Nevertheless, I run into folks who continually call what we do “vending machine” religion, and one notable argument about this which I had with a fellow grove member, comes to mind. The topic of the discussion was about signing client/patronage contracts with deities. I had proposed at a grove meeting that we have our grove as an entity enter into a clientage agreement with our tribe’s tutelary deity, Bríd. My thinking was that our end of the bargain would be to uphold our duties with regard to The Imbolc Retreat. Hosting that event in her honor would be a workable way to show our devotion and a privilege. In return we ask that she be our patron for Otherworldly equity and resource and that she make us into great story tellers and liturgists.

The response I got from the grove members at the time was nothing short of an outburst with a TLDR conclusion of, “you don’t sign contracts with friends” and “doing business with the gods is like vending machine religion.” I’m paraphrasing with quotes here. While this particular person left our grove months later, the concern continued to bounce around in my head for a long time, even after I signed that same contract personally with Bríd, which I renew each year on my own.

In my thinking and researching the topic I formed the opinion that Indo-European religion is very transactional. Phrases like count your blessings apply. Ancient Greeks would keep logs of offerings they gave and blessings they received so they could keep the gods overpaid, so to speak. While I agree this is spiritual business and economy, it is not the same thing as meaningless “I only do this to get what I need” practice, which is what vending machine religion really is and is analogous to.

In order to understand any Indo-European religion you have to understand their idea of Cosmic Order, or Rta as it’s called in the Vedas. The very word rta means to fit together. Wyrd, Orlog and Firínne are IE cultural cognates to rta, relating to both law and movement like dharma of Vedism. Everything in an Iron Age tribe fits together and had a proper place and order. Things were efficient and your friends were indeed the same people you worked for and with; while being the same people you did business with. Free folk weren’t free to roam other kingdoms so everything was super localized. In an Iron Age friendship, degradation of reciprocity and the relationship means degradation of reputation, honor and livelihood. Friendship and businesses were transactional and as the Havamal says, a gift calls for a gift. You don’t need to pull gebo out of your rune sack three times to figure out many of your own life’s problems are due to not putting attention on reciprocating the blessings you receive with offerings to others, be them friends nor gods. Part of rta and the proper order of things is that there isn’t room for frivolity, nor keeping friends nor business contacts who take and provide no reciprocal value. It’s also important that those with which you have reciprocal duties to conceptualize these notions in the same way.
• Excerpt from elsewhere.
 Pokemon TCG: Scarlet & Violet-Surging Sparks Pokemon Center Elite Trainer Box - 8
four frends leaning against a railing with the sun setting behind them
90_skull / pixabay.com

Every time I try to reciprocate dutifully, my friends who may be less immersed in my pagan philosophy sometimes discard my behavior by saying, you don’t have to be “all tit for tat” about it. This simply doesn’t compute with me and my natural emotional impulses which I cannot control cause me to feel bad when I cannot reciprocate in the ways I want to. But, that’s just an excuse, because everyone has some value that they bring to the table. I just simply do not understand what is wrong with matching every effort and act of consideration that others do for me, and doing so with the conviction of pious practice. I do not ever want to take advantage of my grove, friends, family and support systems. I am lessened when they are diminished and when they are bettered we are all bettered. Reciprocity is more than just giving, it’s the notion that I am within them and they are within me. But, I also want to be some level of self sustaining, and so I need to measure that. It isn’t as if I’m going to try to cash in my social capital with a person, rather, I prefer to keep them in equitable position on top. I’ve simply come to terms with finding middle ground on the topic between self reliance and each of us being integral piece of a tribe, nothing without togetherness.
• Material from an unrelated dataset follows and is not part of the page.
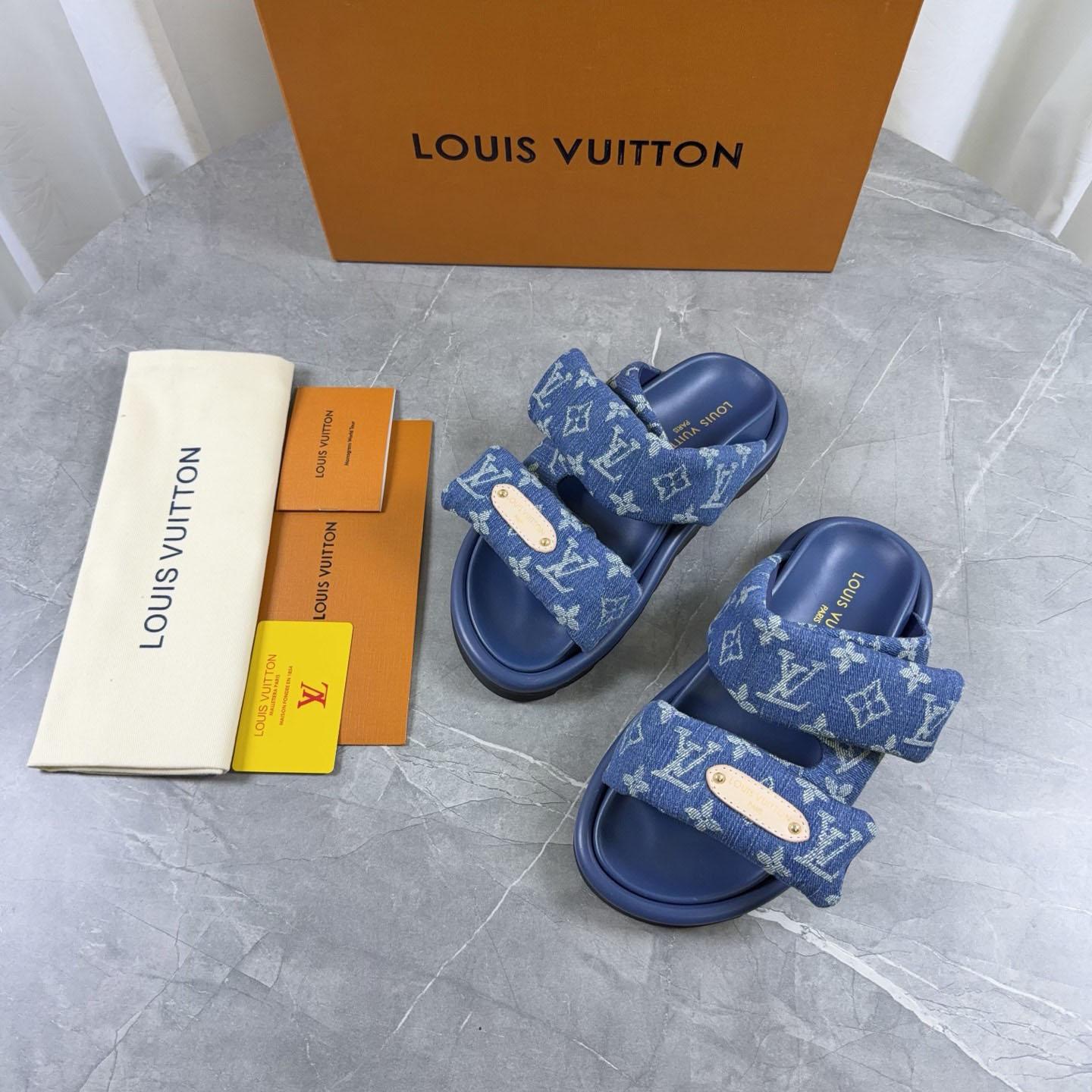Louis Vuitton Pool Pillow Comfort Mule 1AJN80 - DesignerGu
I’m of the opinion that our ancestors, and sometimes we, do and did make business deals with friends and those with whom they had reciprocal relations. And, as contemporary Indo-European pagans, we do make contracts with our closest cosmic allies. Whether a god is your friend or not is up to you, but my gods that are also the First Ancestors to Irish families I’m a descendant of would take issue with me mooching off of our relationship. Just like a friend who hates mooching, your deities will not be happy if you do not uphold your end of votive bargains and some level of meaningful reciprocation.

So I courteously reject any and all holders of the notions where having a reciprocal, transactional spiritual economy–including patronage contracts–is seen as “vending machine” religion. We treat our gods, who work their theurgy, as persons and not as objects which behave based on electronic or mechanical instructions. I think in general, folks fail to see how relationships degrade when parties cease providing value to one another. Folks feel they aren’t friends with people because of the value they provide. They tend to say things like, “I just like hanging out and having fun with friends.” These are real quotes in the aforementioned conversations about patronage contracts. I think that is a classification error, because if you don’t view others’ company alone as another providing value, then you’ve got a fundamental worldview issue in the human department, speaking from experience.
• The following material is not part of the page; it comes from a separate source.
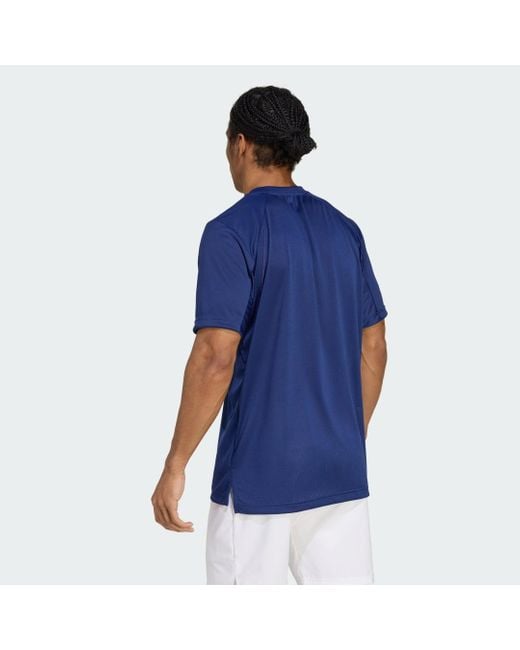 Adidas Blue Club Tennis Climacool T-Shirt for men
It isn’t “vending machine” anything because, a vending machine exists and is there to serve you, that is its primary purpose. It isn’t because in Indo-European paganism, the worldview is such that the divine has a mutual agenda with humans in seeing the entire Cosmic order be preserved, yet abundant, bettered, yet still growing toward the highest of achievements. It isn’t because in our paganism, we do give so that we might receive, yet we choose to give and receive from those *allies* whose ethos and values overlap with our own.

It isn’t because a vending machine has no will and is not any sort of ally seeking to better the Cosmos. Commanding rather than asking the divine for blessings, however, is treating your spirituality like a vending machine. It would be an interesting experiment on the mind to practice thanking all the vending machines which serve you and beginning to do as we do in our Grove, personifying objects instead of objectifying beings.

One of the most important aspects of this to grasp is that the gods don’t have jobs or duties, and shouldn’t be seen as a “god of [insert power]”. At least in Celtic Polytheism it isn’t that way. While Bríd is motherly, she’s capable of providing a warrior’s protection. After all, her father is An Dagda. Once you find your tutelary deity, you go to them for most things. You build a relationship with that deity which is strong. You shouldn’t go to a thunder god for this and love god for that. It’s not about what the deities can do for you, it’s about what each person in such a relationship becomes together, because of that relationship. With Togetherness, we better ensure that health, wealth and wisdom are in store for us and that our Cosmic Order is maintained and preserved.